The opinion of the court was delivered by: Michael J. Seng United States Magistrate Judge
ORDER DISMISSING PLAINTIFF'S COMPLAINT WITH LEAVE TO AMEND (ECF No. 1) AMENDED COMPLAINT DUE SEPTEMBER 6, 2011
On December 10, 2009, Plaintiff Carlos Alvarez, a state prisoner proceeding pro se and in forma pauperis, filed this civil rights action pursuant to 42 U.S.C. § 1983. (ECF No. 1). Plaintiff has consented to Magistrate jurisdiction. (ECF No. 6). Plaintiff's Complaint is before the Court for screening.
II. SCREENING REQUIREMENT
The Court is required to screen complaints brought by prisoners seeking relief against a governmental entity or officer or employee of a governmental entity. 28 U.S.C. § 1915A(a). The Court must dismiss a complaint or portion thereof if the prisoner has raised claims that are legally "frivolous, malicious," or that fail to state a claim upon which relief may be granted, or that seek monetary relief from a defendant who is immune from such relief. 28 U.S.C. § 1915A(b)(1),(2). "Notwithstanding any filing fee, or any portion thereof, that may have been paid, the court shall dismiss the case at any time if the court determines that . . . the action or appeal . . . fails to state a claim upon which relief may be granted." 28 U.S.C. § 1915(e)(2)(B)(ii).
Section 1983 "provides a cause of action for the 'deprivation of any rights, privileges, or immunities secured by the Constitution and laws' of the United States." Wilder v. Virginia Hosp. Ass'n, 496 U.S. 498, 508 (1990) (quoting 42 U.S.C. § 1983). Section 1983 is not itself a source of substantive rights, but merely provides a method for vindicating federal rights conferred elsewhere. Graham v. Connor, 490 U.S. 386, 393-94 (1989).
To state a claim under § 1983, a plaintiff must allege two essential elements: (1) that a right secured by the Constitution or laws of the United States was violated and (2) that the alleged violation was committed by a person acting under the color of state law. See West v. Atkins, 487 U.S. 42, 48 (1988); Ketchum v. Alameda Cnty., 811 F.2d 1243, 1245 (9th Cir. 1987).

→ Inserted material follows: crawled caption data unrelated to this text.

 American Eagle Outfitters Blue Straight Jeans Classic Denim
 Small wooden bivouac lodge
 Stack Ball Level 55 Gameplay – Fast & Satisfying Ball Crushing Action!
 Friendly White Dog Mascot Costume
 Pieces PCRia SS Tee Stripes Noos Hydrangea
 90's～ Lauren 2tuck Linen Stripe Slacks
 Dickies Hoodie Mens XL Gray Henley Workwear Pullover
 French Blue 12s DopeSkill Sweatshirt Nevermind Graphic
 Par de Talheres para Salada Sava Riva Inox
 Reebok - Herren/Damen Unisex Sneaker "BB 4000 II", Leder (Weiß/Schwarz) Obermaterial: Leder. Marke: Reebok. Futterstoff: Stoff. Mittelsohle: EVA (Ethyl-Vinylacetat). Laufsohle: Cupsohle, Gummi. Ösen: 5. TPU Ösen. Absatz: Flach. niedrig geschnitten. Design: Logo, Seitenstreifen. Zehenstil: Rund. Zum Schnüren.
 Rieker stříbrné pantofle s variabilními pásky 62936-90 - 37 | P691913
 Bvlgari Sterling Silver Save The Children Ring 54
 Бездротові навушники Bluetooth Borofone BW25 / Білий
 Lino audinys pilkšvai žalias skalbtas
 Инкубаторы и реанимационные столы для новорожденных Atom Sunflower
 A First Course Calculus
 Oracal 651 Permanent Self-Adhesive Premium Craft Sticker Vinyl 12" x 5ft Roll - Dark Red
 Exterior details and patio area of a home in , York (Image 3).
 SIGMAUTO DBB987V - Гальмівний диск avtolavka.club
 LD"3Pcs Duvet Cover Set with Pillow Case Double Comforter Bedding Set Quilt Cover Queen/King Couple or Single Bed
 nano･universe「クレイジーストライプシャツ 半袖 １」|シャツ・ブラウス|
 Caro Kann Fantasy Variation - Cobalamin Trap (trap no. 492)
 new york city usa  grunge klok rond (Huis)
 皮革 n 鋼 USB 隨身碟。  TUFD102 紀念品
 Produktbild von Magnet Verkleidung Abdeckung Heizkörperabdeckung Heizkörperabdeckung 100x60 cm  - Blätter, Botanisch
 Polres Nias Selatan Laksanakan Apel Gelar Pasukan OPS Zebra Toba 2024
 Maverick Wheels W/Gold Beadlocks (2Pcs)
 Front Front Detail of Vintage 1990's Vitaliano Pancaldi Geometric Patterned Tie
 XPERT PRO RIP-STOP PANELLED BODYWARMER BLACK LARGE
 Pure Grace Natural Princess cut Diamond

A complaint must contain "a short and plain statement of the claim showing that the pleader is entitled to relief . . . ." Fed. R. Civ. P. 8(a)(2). Detailed factual allegations are not required, but "[t]hreadbare recitals of the elements of a cause of action, supported by mere conclusory statements, do not suffice." Ashcroft v. Iqbal, 129 S.Ct. 1937, 1949 (2009) (citing Bell Atlantic Corp. v. Twombly, 550 U.S. 544, 555 (2007)). Plaintiff must set forth "sufficient factual matter, accepted as true, to 'state a claim that is plausible on its face.'" Iqbal, 129 S.Ct. at 1949 (quoting Twombly, 550 U.S. at 555). Facial plausibility demands more than the mere possibility that a defendant committed misconduct and, while factual allegations are accepted as true, legal conclusions are not. Id. at 1949-50.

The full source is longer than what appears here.